[Web page caption snippets]
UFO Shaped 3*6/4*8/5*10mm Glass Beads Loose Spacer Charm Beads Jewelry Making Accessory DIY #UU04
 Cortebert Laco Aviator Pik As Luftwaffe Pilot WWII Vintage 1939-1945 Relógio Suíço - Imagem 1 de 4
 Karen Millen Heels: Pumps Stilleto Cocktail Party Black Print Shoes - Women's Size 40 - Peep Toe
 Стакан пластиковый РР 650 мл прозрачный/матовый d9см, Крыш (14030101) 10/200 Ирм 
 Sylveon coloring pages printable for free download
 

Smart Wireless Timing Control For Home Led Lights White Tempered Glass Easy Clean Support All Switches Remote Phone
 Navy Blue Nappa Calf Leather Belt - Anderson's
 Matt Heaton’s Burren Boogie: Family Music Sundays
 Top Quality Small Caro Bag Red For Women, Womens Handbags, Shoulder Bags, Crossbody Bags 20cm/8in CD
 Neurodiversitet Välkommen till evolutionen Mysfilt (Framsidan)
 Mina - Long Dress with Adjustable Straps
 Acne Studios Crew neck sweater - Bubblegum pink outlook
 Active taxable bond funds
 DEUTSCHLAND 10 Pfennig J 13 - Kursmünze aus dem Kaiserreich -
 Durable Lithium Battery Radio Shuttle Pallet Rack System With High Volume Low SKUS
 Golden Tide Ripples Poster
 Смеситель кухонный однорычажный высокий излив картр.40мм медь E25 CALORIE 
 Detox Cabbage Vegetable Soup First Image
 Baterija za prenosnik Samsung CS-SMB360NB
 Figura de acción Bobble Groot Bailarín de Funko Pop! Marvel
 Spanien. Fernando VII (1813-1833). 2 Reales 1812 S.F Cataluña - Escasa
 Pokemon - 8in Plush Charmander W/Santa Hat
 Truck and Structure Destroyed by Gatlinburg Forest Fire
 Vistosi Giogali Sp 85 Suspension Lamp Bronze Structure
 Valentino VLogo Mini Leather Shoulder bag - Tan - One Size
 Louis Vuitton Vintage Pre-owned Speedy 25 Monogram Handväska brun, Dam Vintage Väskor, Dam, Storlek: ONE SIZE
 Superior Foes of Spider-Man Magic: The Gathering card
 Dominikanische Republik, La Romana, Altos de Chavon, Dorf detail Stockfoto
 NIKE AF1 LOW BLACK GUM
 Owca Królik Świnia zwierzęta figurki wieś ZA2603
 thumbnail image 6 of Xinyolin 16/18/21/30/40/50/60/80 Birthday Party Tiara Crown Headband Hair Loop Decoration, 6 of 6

## Problem to work on
Begin with the line above that has "Durable Lithium Battery" and continue through the line that has "Figura de acción", setting each one down exactly. Stop there.

## Response below
 Durable Lithium Battery Radio Shuttle Pallet Rack System With High Volume Low SKUS
 Golden Tide Ripples Poster
 Смеситель кухонный однорычажный высокий излив картр.40мм медь E25 CALORIE 
 Detox Cabbage Vegetable Soup First Image
 Baterija za prenosnik Samsung CS-SMB360NB
 Figura de acción Bobble Groot Bailarín de Funko Pop! Marvel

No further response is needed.